▸ **Requirement**
Only the lines from the one holding "Vintage hubcaps Legacy Auction Company" through the end of the records below are to be reproduced exactly, and pictures are to be omitted.

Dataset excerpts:
▶

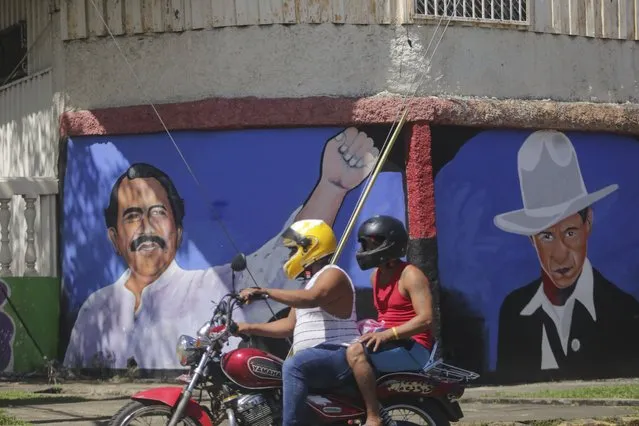 A motorcyclist rides past a mural of Nicaraguan President Daniel Ortega, left, and revolutionary hero Cesar Augusto Sandino during general elections in Managua, Nicaragua, Sunday, November 7, 2021. Ortega seeks a fourth consecutive term against a field of little-known candidates while those who could have given him a real challenge sit in jail. (Photo by Andres Nunes/AP Photo)
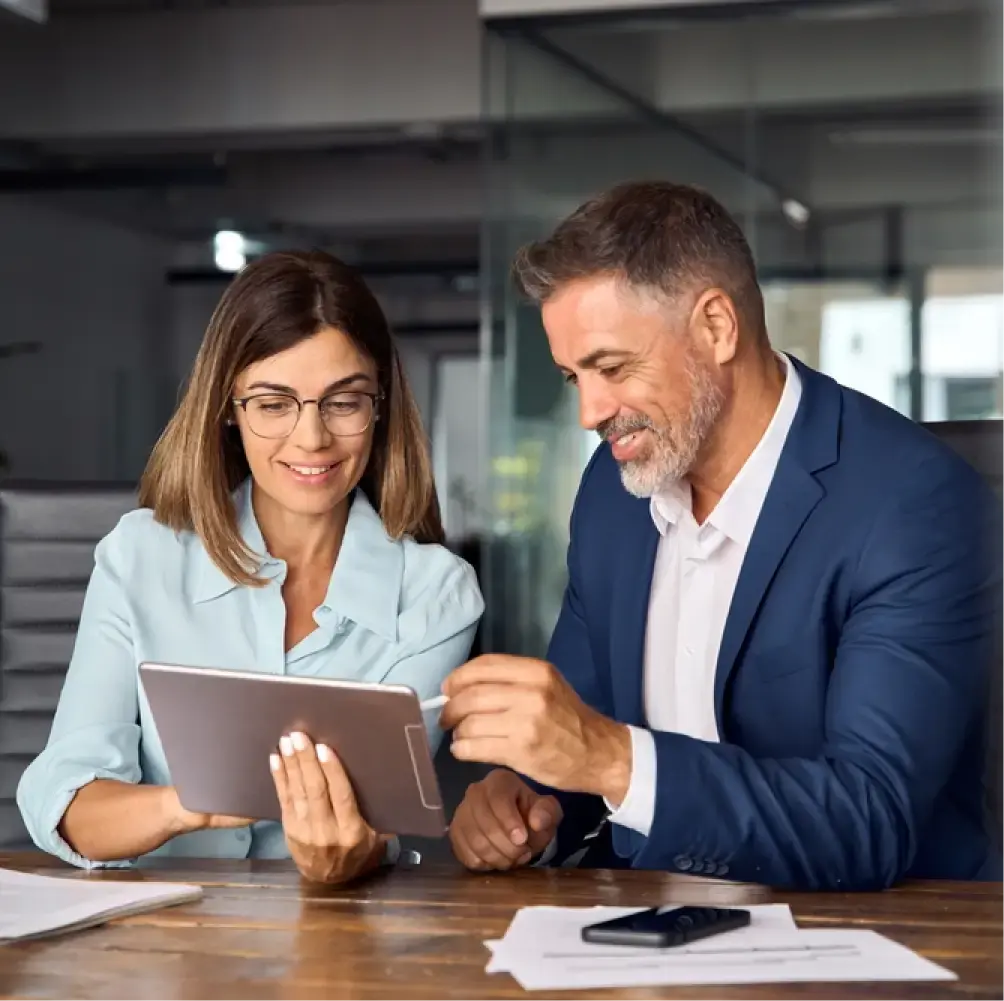 two people consult at a table with a tablet
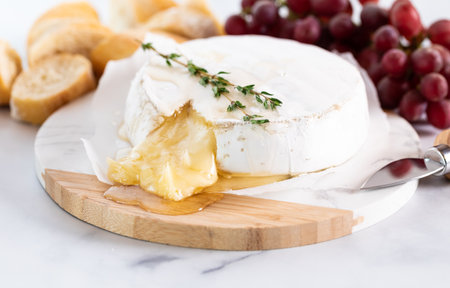 Baked brie served with grapes and crusty bread rounds.の写真素材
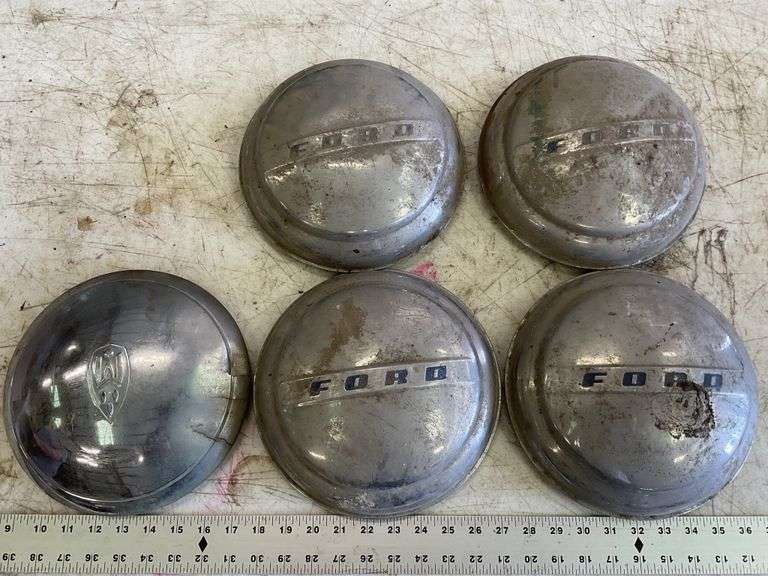 Vintage hubcaps Legacy Auction Company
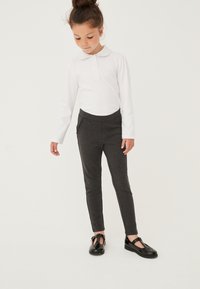 Graue dehnbare Hose mit schmaler Passform, ausgestattet mit einem Bund und seitlichen Taschen, kombiniert mit einem langärmeligen weißen Hemd mit Kragen und schwarzen Schuhen.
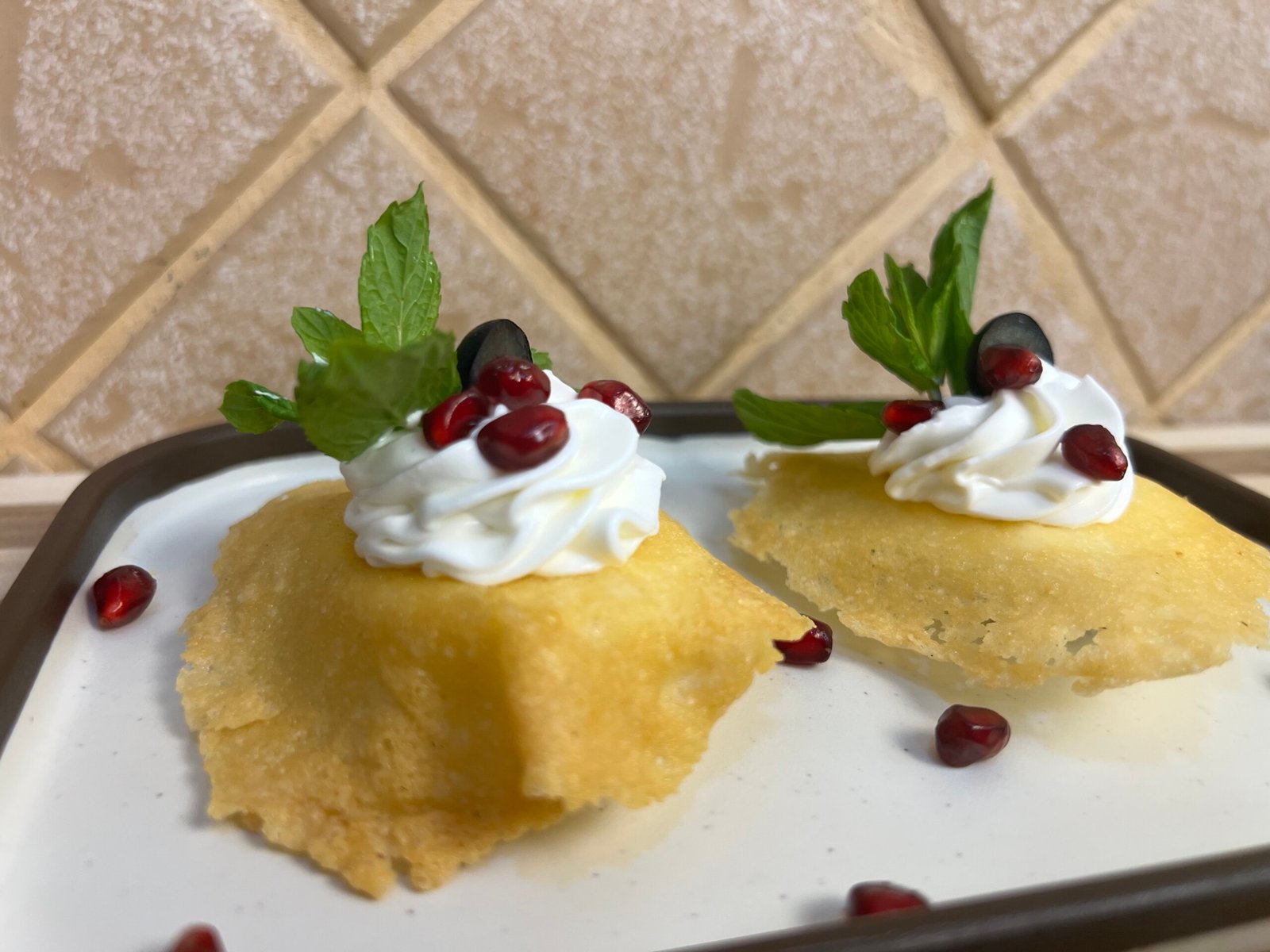 Crispy golden cheese cups topped with whipped cream, pomegranate seeds, mint leaves, and blueberries on a serving plate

◀

▸ **Written solution**
 Vintage hubcaps Legacy Auction Company
 Graue dehnbare Hose mit schmaler Passform, ausgestattet mit einem Bund und seitlichen Taschen, kombiniert mit einem langärmeligen weißen Hemd mit Kragen und schwarzen Schuhen.
 Crispy golden cheese cups topped with whipped cream, pomegranate seeds, mint leaves, and blueberries on a serving plate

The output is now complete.